Everything in the listing should be copied exactly, save for the pictures.

[Given material]

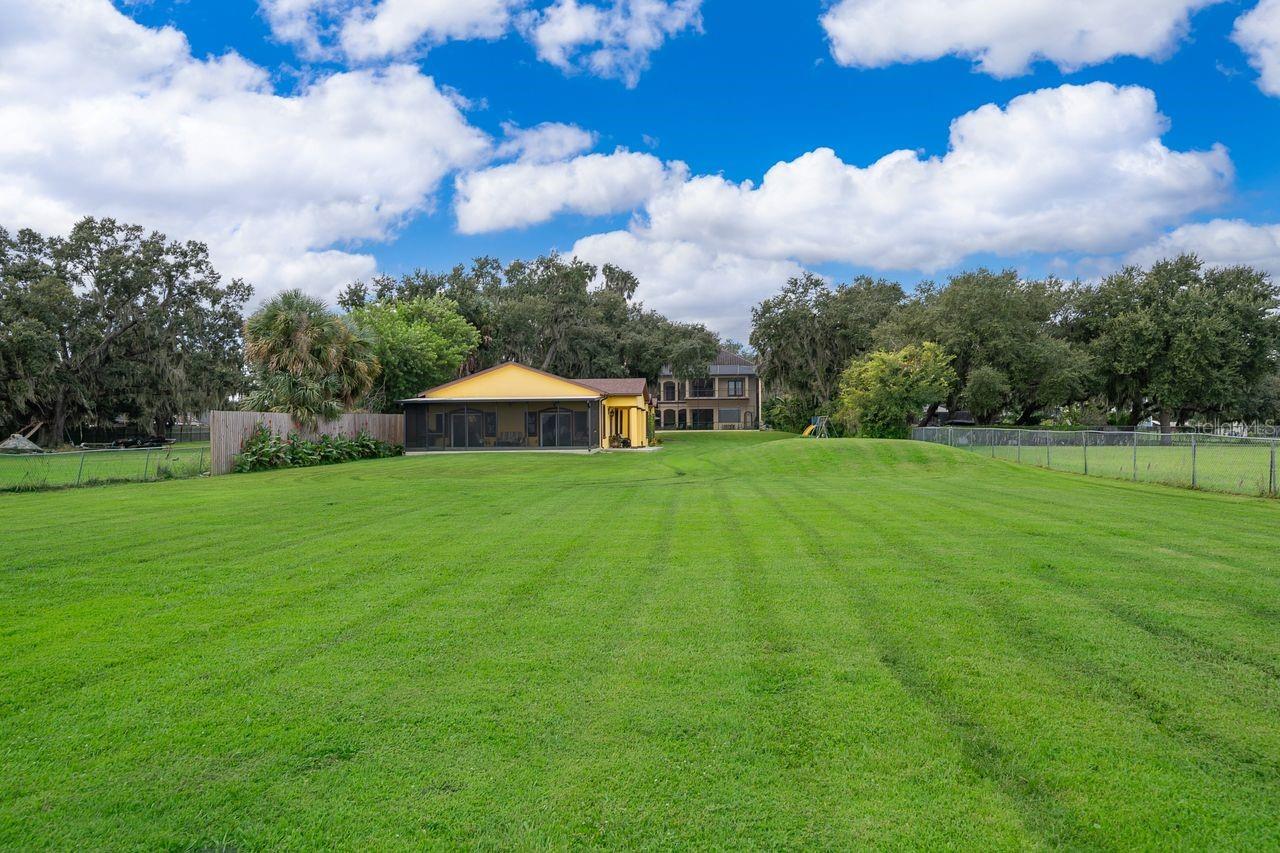 2339 Neptune Rd #unit A Property Photo 36
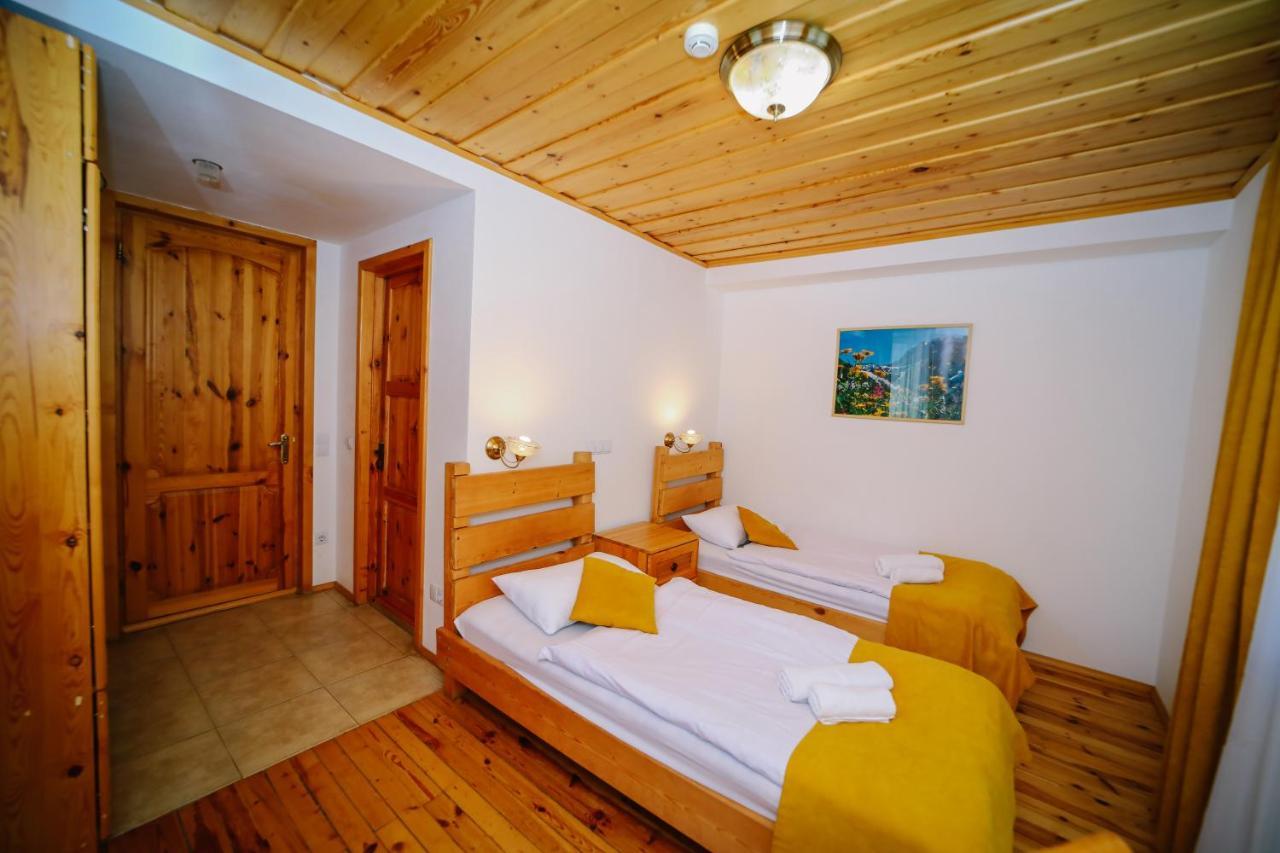 Alpenhaus Kazbegi Hotel & Restaurant エクステリア 写真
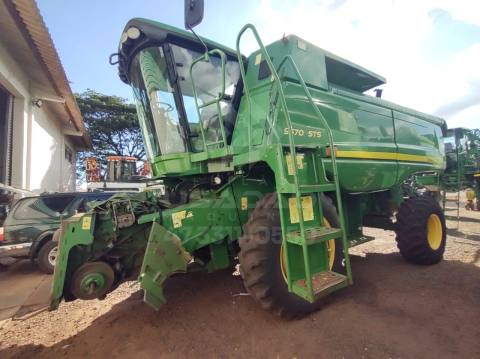 COLHEITADEIRA JOHN DEERE 9570 STS COM PLATAFORMA 625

[/Given material]

Answer to this problem:
 2339 Neptune Rd #unit A Property Photo 36
 Alpenhaus Kazbegi Hotel & Restaurant エクステリア 写真
 COLHEITADEIRA JOHN DEERE 9570 STS COM PLATAFORMA 625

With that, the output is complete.